TASK BRIEF: Transcribe every entry word for word, but drop the pictures.

:: DATA FOR PROCESSING

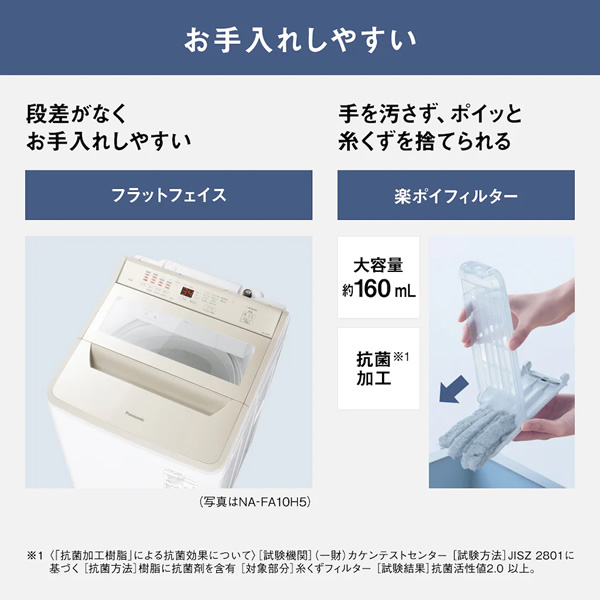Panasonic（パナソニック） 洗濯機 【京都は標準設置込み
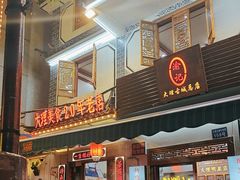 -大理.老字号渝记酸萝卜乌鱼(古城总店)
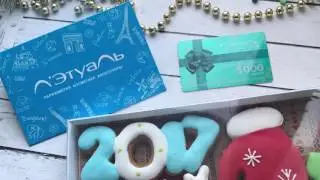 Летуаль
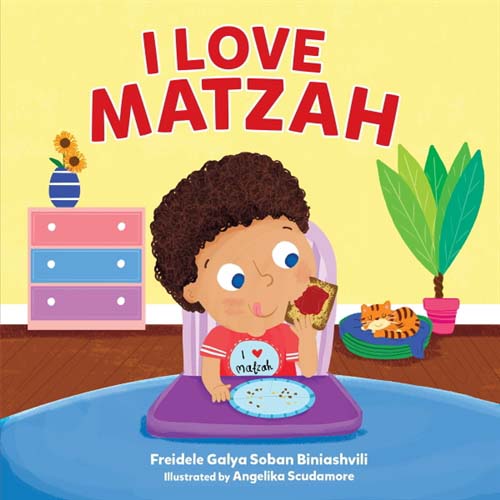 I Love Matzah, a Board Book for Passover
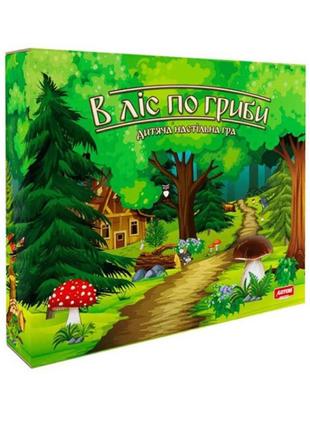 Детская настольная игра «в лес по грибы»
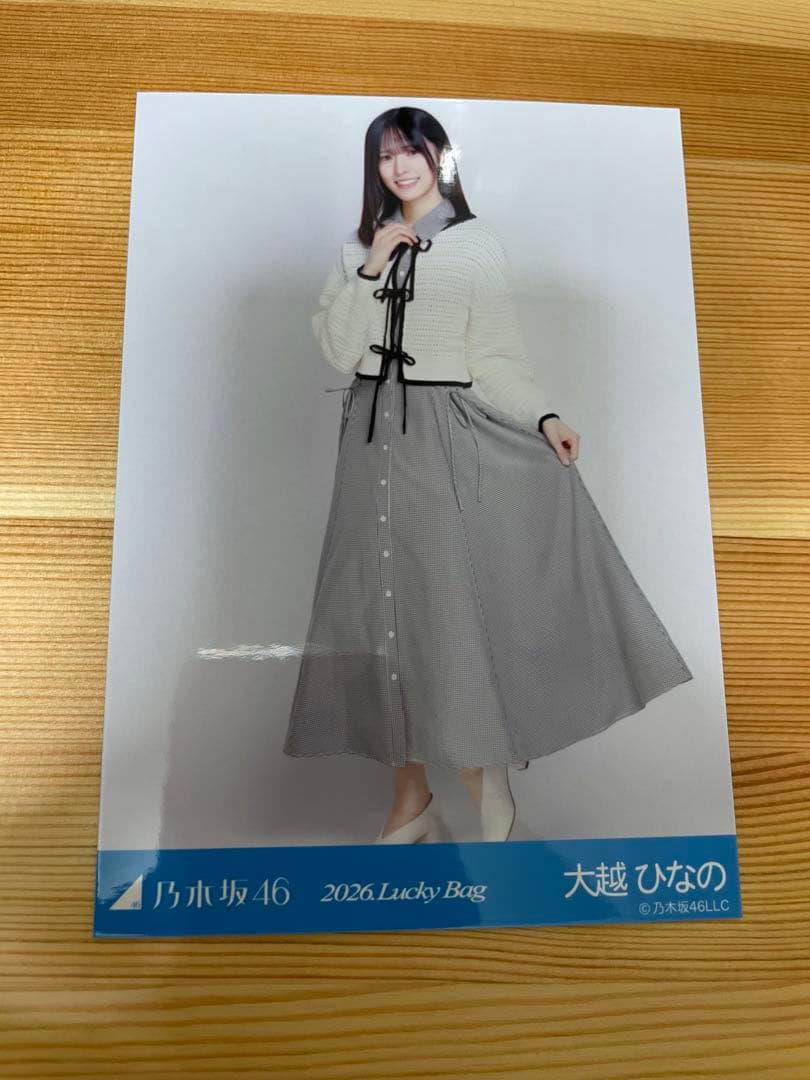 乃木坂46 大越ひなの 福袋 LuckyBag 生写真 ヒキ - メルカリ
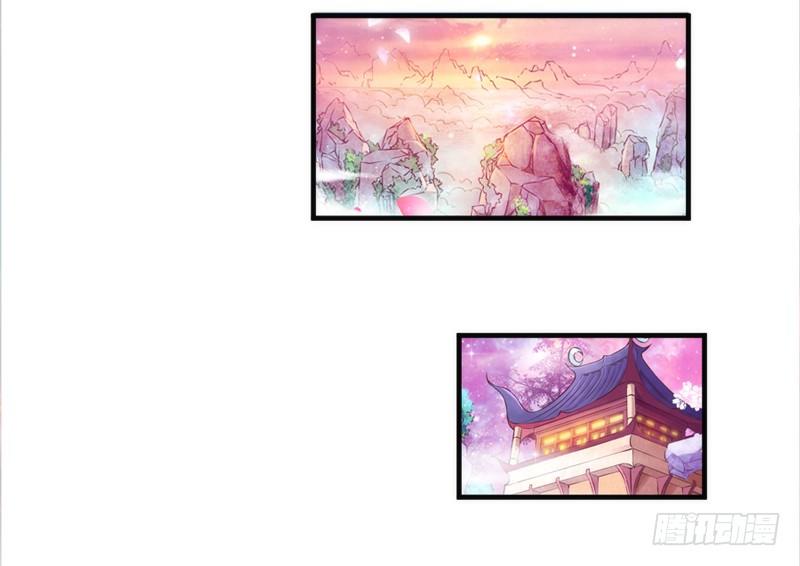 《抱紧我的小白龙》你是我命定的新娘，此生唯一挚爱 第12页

::::

TASK ANSWER:
Panasonic（パナソニック） 洗濯機 【京都は標準設置込み
 -大理.老字号渝记酸萝卜乌鱼(古城总店)
 Летуаль
 I Love Matzah, a Board Book for Passover
 Детская настольная игра «в лес по грибы»
 乃木坂46 大越ひなの 福袋 LuckyBag 生写真 ヒキ - メルカリ
 《抱紧我的小白龙》你是我命定的新娘，此生唯一挚爱 第12页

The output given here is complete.